#### Dataset extract
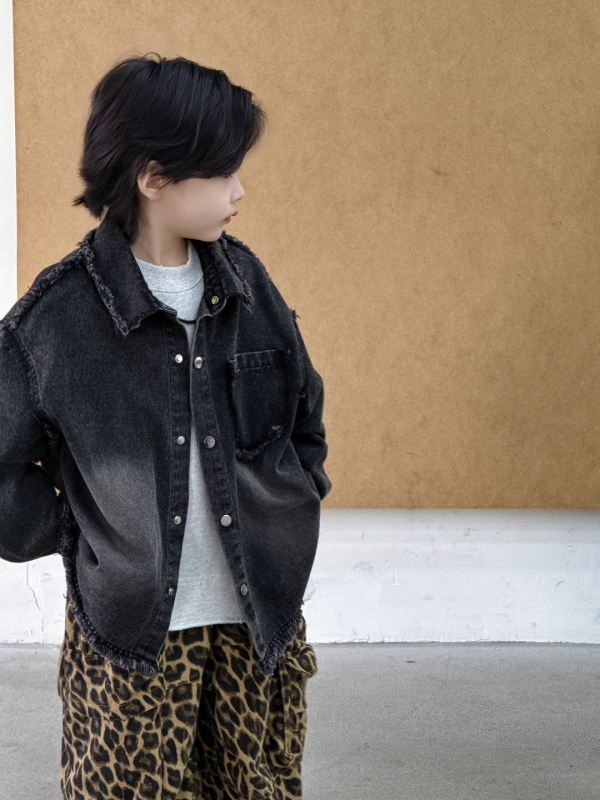 Berniukų džinsinė marškiniai-jack, laisvalaikio stilius, kaubojo audinys, raidžių atspaudas, vienos eilės užsegimas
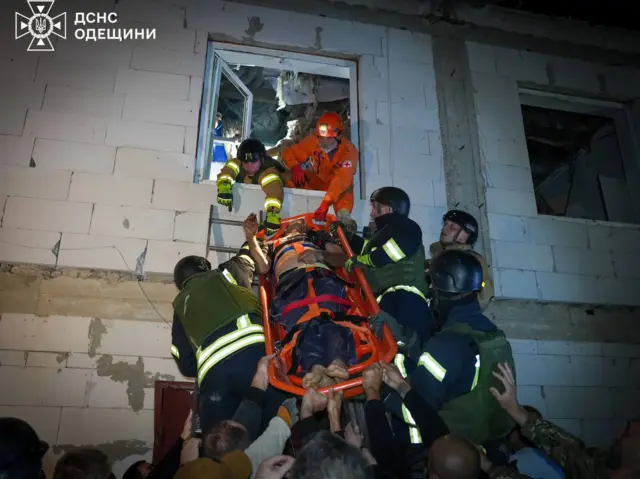 спасатели эвакуируют раненого из-под завалов дома в Одесском районе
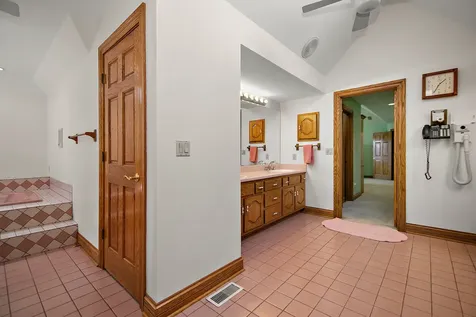 284 Barrington Lane Bourbonnais IL 60914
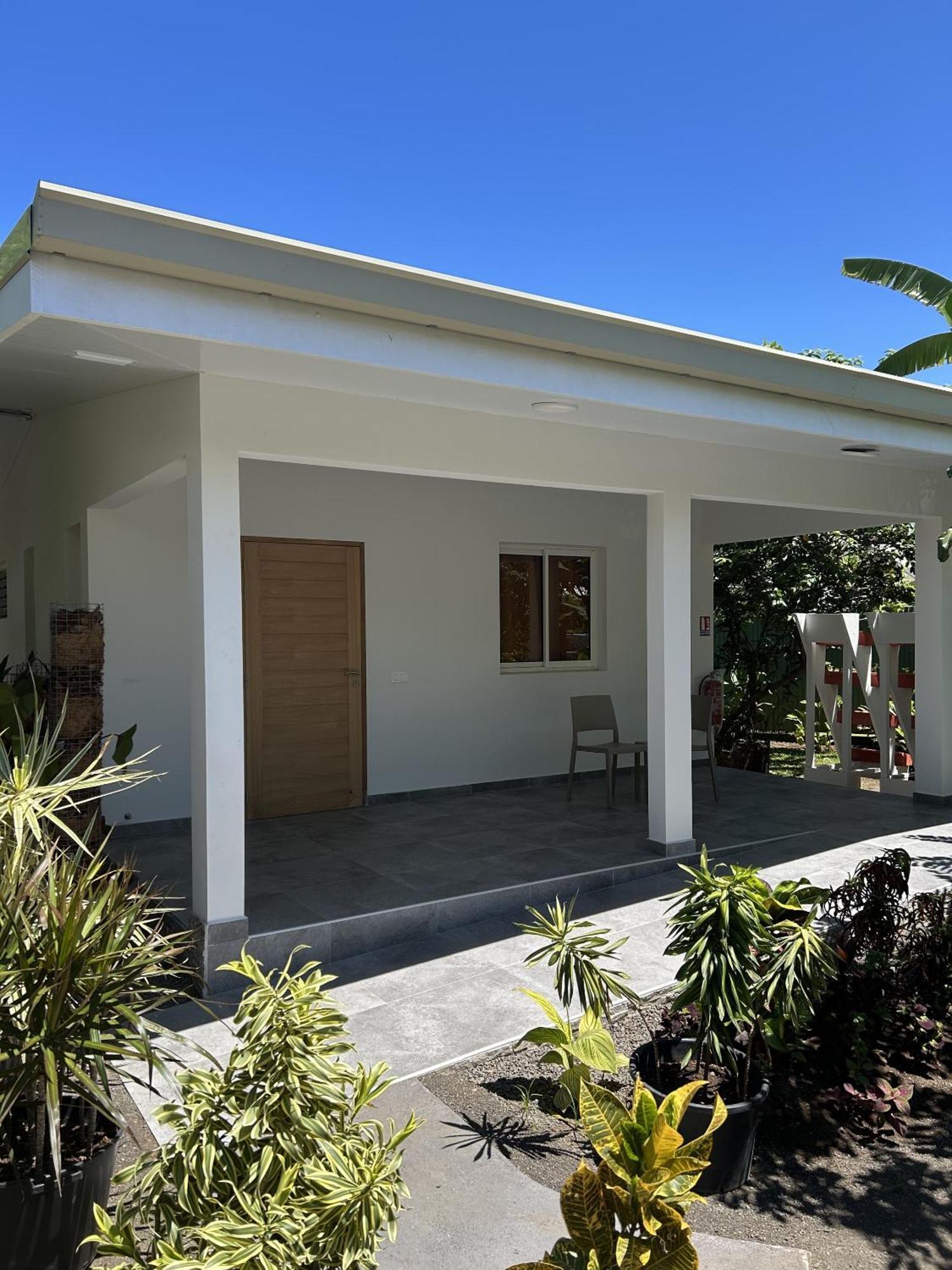 Pare Lodge Tahiti Pirae Habitación foto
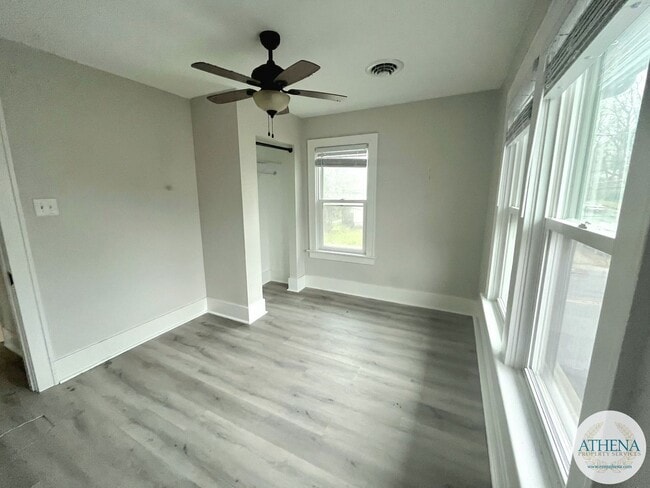 Building Photo - 5 Bedroom / 2 Bath House - NEAR SEMO's CAMPUS, W/D & LAWN CARE INCLUDED
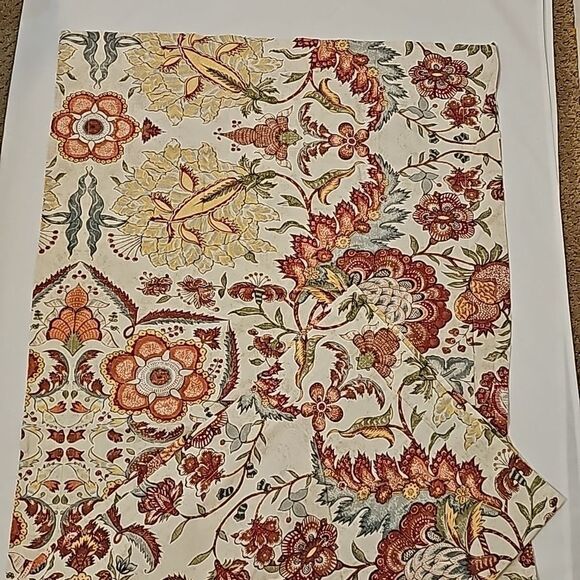 Pottery Barn Pillow Shams 29" by 23" - Picture 1 of 7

#### Directions
Make an exact copy of the data, leaving its pictures out.

#### Exercise result
 Berniukų džinsinė marškiniai-jack, laisvalaikio stilius, kaubojo audinys, raidžių atspaudas, vienos eilės užsegimas
 спасатели эвакуируют раненого из-под завалов дома в Одесском районе
 284 Barrington Lane Bourbonnais IL 60914
 Pare Lodge Tahiti Pirae Habitación foto
 Building Photo - 5 Bedroom / 2 Bath House - NEAR SEMO's CAMPUS, W/D & LAWN CARE INCLUDED
 Pottery Barn Pillow Shams 29" by 23" - Picture 1 of 7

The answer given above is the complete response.